━━━━━ GIVEN RECORDS
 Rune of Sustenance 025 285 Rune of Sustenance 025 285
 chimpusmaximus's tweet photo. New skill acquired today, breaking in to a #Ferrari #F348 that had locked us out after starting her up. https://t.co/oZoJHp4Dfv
━━━━━━━━━━
━━━━━ GIVEN RECORDS
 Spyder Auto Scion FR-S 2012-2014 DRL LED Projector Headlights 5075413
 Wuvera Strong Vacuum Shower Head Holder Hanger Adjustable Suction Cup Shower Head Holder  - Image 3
━━━━━━━━━━
━━━━━ GIVEN RECORDS
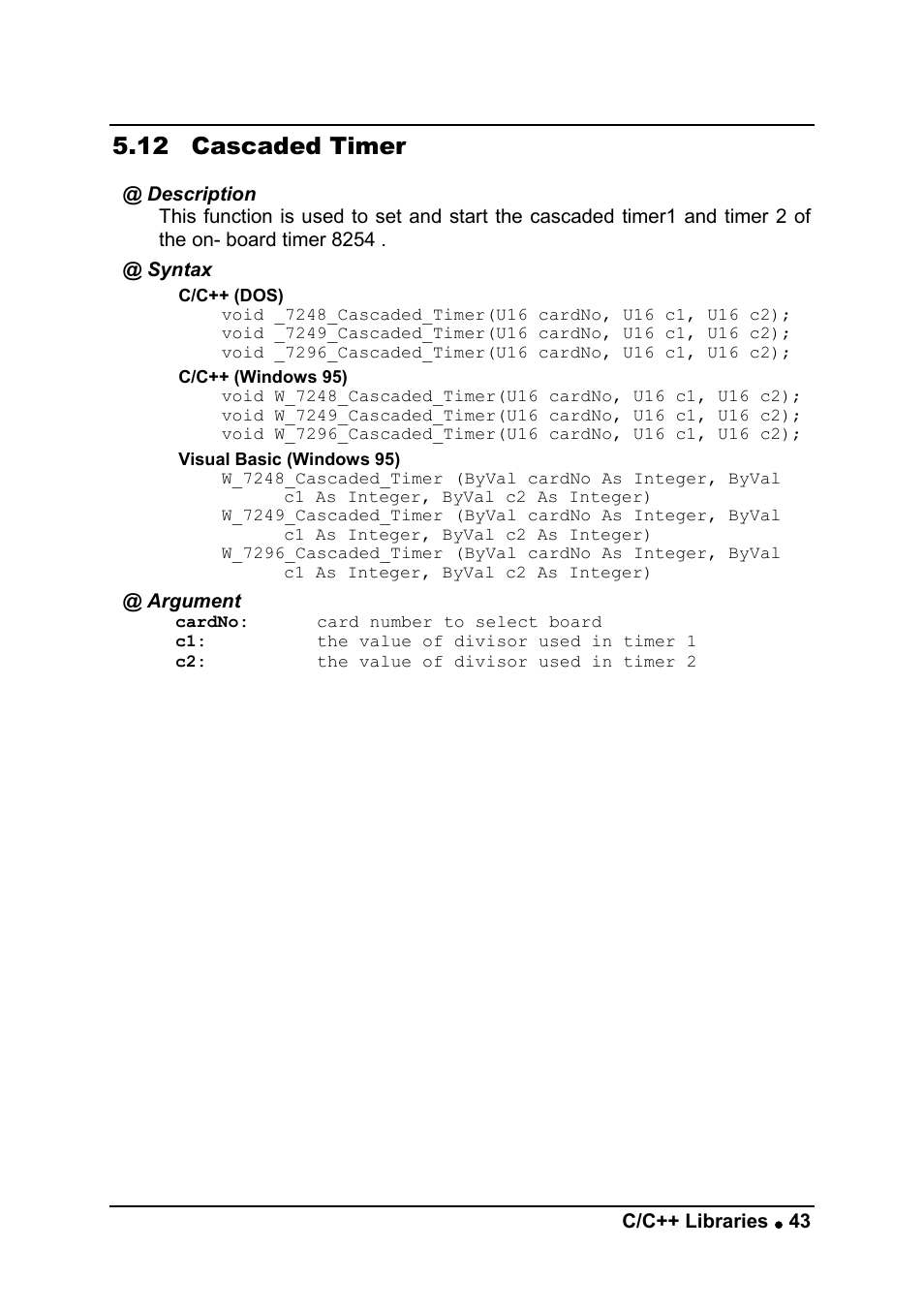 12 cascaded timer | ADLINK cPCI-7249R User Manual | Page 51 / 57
━━━━━━━━━━
THE PROBLEM: In the data above, find the line with "Spyder Auto Scion" and the line with "Wuvera Strong Vacuum". Retype both, plus every line between them, exactly.

RESPONSE AREA:
 Spyder Auto Scion FR-S 2012-2014 DRL LED Projector Headlights 5075413
 Wuvera Strong Vacuum Shower Head Holder Hanger Adjustable Suction Cup Shower Head Holder  - Image 3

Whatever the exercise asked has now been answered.